By default (process_res_method="square_resize") every image is resized to the same square processing resolution, so batches of differently sized images are handled without any cropping. The aspect-preserving methods ("upper_bound_resize" and "lower_bound_resize") can yield different processed sizes across a batch; those images are then center-cropped to the smallest processed size before inference, so their depth maps are slightly stretched when resized back to the original resolution. For pixel-perfect results with an aspect-preserving method, call predict on each image individually.

Using Non-Hosted Depth Anything V2 Checkpoints¶

To use a DAv2 model that LightlyTrain does not host, convert the official Depth Anything V2 weights into a LightlyTrain checkpoint. You are responsible for complying with each model’s license terms.

Download the official weights for the model you want from the corresponding Depth Anything V2 Hugging Face repository (for example depth_anything_v2_metric_vkitti_vitl.pth).

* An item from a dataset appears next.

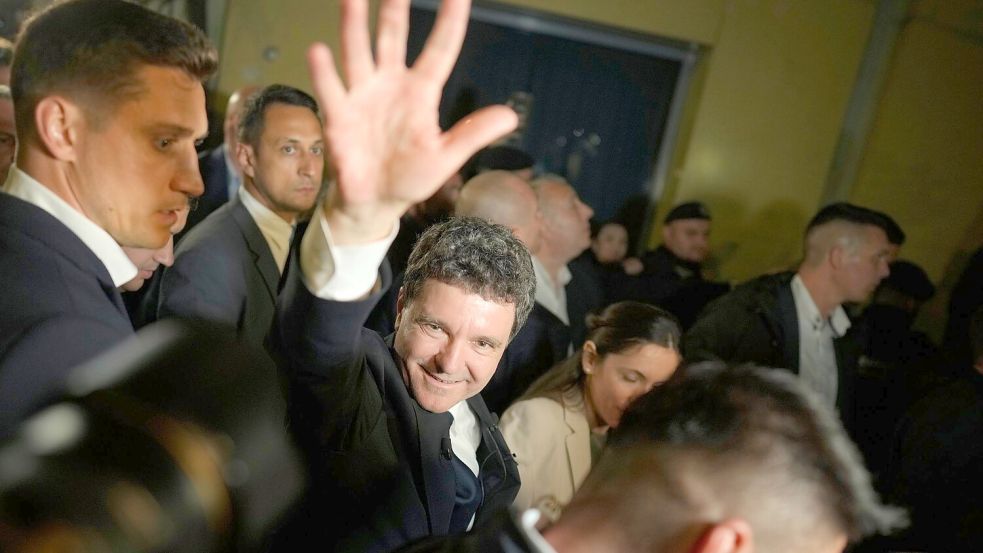 Nach Auszählung der Stimmen fast aller Wahllokale lag Dan uneinholbar vor dem Rechtspopulisten Simion. Foto: Vadim Ghirda/AP/dpa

Convert them into a LightlyTrain checkpoint:

python -m lightly_train._task_models.depth_estimation_components.convert_checkpoint_dav2 \
    --model-name dinov2/dav2-metric-large-vkitti \
    --weights path/to/depth_anything_v2_metric_vkitti_vitl.pth \
    --out ckpt/dav2_metric_vkitti_large.pt

Load the converted checkpoint like any other model:

import lightly_train

model = lightly_train.load_model("ckpt/dav2_metric_vkitti_large.pt")
depth_m = model.predict("image.jpg")

Tip

Converting the Apache-2.0 models (dinov2/dav2-relative-small and dinov2/dav2-metric-small-hypersim) is not necessary, they are hosted by LightlyTrain and downloaded automatically. For these, the converter can fetch the official weights from Hugging Face directly, so the --weights argument can be omitted.

Exporting a Checkpoint to ONNX¶

Open Neural Network Exchange (ONNX) is a standard format for representing machine learning models in a framework independent manner. In particular, it is useful for deploying our models on edge devices where PyTorch is not available.

Note

The ONNX graph contains only the model forward pass. It outputs the raw depth map at the model’s processing resolution (plus a sky map for Depth Anything V3 models, which have a sky head). Preprocessing the input image and postprocessing the output (sky filling, metric scaling, and resizing back to the original image resolution) are not part of the graph and must be applied by the caller.

Requirements¶

Exporting to ONNX requires some additional packages to be installed. Namely

onnx
onnxruntime if verify is set to True.
onnxslim if simplify is set to True.

You can install them with:

pip install "lightly-train[onnx,onnxruntime,onnxslim]"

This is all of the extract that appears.